• **Task prompt**: Report each line of the records below that holds the word "with".

• **Supplied records**:
^^^^
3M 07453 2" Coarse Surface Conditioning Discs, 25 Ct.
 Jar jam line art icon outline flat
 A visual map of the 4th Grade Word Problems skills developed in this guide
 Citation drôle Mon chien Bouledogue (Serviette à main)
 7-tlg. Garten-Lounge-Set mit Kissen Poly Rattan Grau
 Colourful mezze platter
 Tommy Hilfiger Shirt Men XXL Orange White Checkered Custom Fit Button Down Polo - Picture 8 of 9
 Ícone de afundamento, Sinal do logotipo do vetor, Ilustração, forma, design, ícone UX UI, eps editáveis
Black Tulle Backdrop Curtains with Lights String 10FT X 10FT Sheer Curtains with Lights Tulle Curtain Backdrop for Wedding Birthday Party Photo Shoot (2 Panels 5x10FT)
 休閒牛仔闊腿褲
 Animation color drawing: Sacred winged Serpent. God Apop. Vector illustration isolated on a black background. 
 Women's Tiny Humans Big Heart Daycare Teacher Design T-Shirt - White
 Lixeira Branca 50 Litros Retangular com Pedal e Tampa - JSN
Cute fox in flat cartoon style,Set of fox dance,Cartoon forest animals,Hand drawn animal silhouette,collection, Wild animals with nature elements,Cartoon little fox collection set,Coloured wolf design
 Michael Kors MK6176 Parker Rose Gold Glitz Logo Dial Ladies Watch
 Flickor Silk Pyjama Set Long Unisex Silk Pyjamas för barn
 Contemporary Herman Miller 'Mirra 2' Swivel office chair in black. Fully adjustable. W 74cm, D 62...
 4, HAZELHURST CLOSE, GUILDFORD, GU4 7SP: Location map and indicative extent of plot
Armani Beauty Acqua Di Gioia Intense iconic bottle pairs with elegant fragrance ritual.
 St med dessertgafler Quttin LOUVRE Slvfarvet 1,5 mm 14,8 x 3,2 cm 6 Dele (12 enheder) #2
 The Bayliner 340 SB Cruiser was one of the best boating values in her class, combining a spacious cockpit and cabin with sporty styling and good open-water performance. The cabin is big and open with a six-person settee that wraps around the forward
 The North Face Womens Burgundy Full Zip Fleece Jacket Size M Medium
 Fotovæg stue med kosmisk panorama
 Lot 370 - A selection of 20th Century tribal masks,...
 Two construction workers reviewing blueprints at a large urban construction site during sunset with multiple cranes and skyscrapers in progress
^^^^
• **Task output**:
Black Tulle Backdrop Curtains with Lights String 10FT X 10FT Sheer Curtains with Lights Tulle Curtain Backdrop for Wedding Birthday Party Photo Shoot (2 Panels 5x10FT)
Cute fox in flat cartoon style,Set of fox dance,Cartoon forest animals,Hand drawn animal silhouette,collection, Wild animals with nature elements,Cartoon little fox collection set,Coloured wolf design
Armani Beauty Acqua Di Gioia Intense iconic bottle pairs with elegant fragrance ritual.
 The Bayliner 340 SB Cruiser was one of the best boating values in her class, combining a spacious cockpit and cabin with sporty styling and good open-water performance. The cabin is big and open with a six-person settee that wraps around the forward
 Two construction workers reviewing blueprints at a large urban construction site during sunset with multiple cranes and skyscrapers in progress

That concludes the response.